Seventy-two per cent desire better reporting/evaluation of the ROI of the health and wellness program; 76 per cent want a better understanding of how the benefit plan affects health outcomes, productivity and absenteeism; 62 per cent want a better understanding of the claims data; and 68 per cent want a better understanding of connections between claims and utilization of programs.
"It's encouraging that plan sponsors are looking for more information in these areas. It tells us there could be an appetite to do more, which we really haven't seen before," says Marilee Mark, vice-president, market development, at Sun Life Financial and a member of the advisory board for survey.
Plan sponsors and plan members are not making the link regarding their plans and the prevalence of chronic disease in the workplace, found the survey of 1,504 primary holders of group health benefit plans. While plan sponsors estimated about one-quarter (26 per cent on average) of their workforce has a chronic condition, 56 per cent of plan members indicated they have such a condition.

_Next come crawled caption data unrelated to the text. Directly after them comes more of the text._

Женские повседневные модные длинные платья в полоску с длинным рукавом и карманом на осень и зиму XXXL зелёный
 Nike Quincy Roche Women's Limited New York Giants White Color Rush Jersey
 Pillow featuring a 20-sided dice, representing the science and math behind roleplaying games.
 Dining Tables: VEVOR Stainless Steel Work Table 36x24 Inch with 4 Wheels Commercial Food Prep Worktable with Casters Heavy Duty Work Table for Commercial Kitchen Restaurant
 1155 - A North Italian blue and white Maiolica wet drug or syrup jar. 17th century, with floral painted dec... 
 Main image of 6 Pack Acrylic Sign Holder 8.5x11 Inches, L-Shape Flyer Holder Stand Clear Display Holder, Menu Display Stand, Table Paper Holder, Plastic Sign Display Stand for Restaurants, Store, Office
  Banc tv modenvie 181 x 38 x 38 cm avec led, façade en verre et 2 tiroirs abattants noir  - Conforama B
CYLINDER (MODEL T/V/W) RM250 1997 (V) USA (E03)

"Right now, there is clearly a disconnect between traditional plans and what will be required in the workplace due to chronic disease. Plan designs require more strategy along the lines of health and productivity," said board member Nathalie Laporte, vice-president of product development and marketing, group and business insurance, at Desjardins.
On the wellness front, 45 per cent of employers report offering programs or support for health and fitness (such as weight-loss programs, fitness challenges), a finding that has not changed much since first explored in 2012.
Among employees who say they have access to such programs, 34 per cent said they definitely (11 per cent) or somewhat regularly (23 per cent) participate — unfortunately, participation is even lower among employees who describe themselves as being in poor or very poor health (30 per cent), and 39 per cent do not participate at all.
Almost one-half (47 per cent) of plan members submitted at least one claim for paramedical services in the past year, and those that did submitted a total of 7.3 claims on average — a frequency second only to prescription medications (9.5).
While paramedical services can help make the connection between health productivity for those suffering from injury or chronic pain, this level of use may suggest the need for eligibility based on clinical criteria rather than self-perceived needs, said Sanofi.
"When you consider the disability issues in some workplaces and the issues around specialty pharmaceuticals, which can be life-changing for plan members, the cost and use of some paramedicals just don't seem to make sense," said Paula Allen, vice-president of research and integrative solutions at Morneau Shepell.
•Three-quarters (77 per cent) of plan members said they would not move to a job that did not include health benefits.
•Drug (94 per cent), dental (basic 92 per cent; major 83 per cent) and vision care (89 per cent) remain the most valued components of health benefit plans, according to plan members.
•When offered a list of seven possible new health benefits, plan members were most likely to select onsite health risk screenings (45 per cent), followed by onsite immunizations for infectious diseases (40 per cent).
•85 per cent of plan members said they have one or more health or fitness goals — and one in five (21 per cent) said their workplace is a barrier to reaching those goals.
•Almost one-half (47 per cent) of plan members said they will definitely or most likely purchase private health benefits when they retire.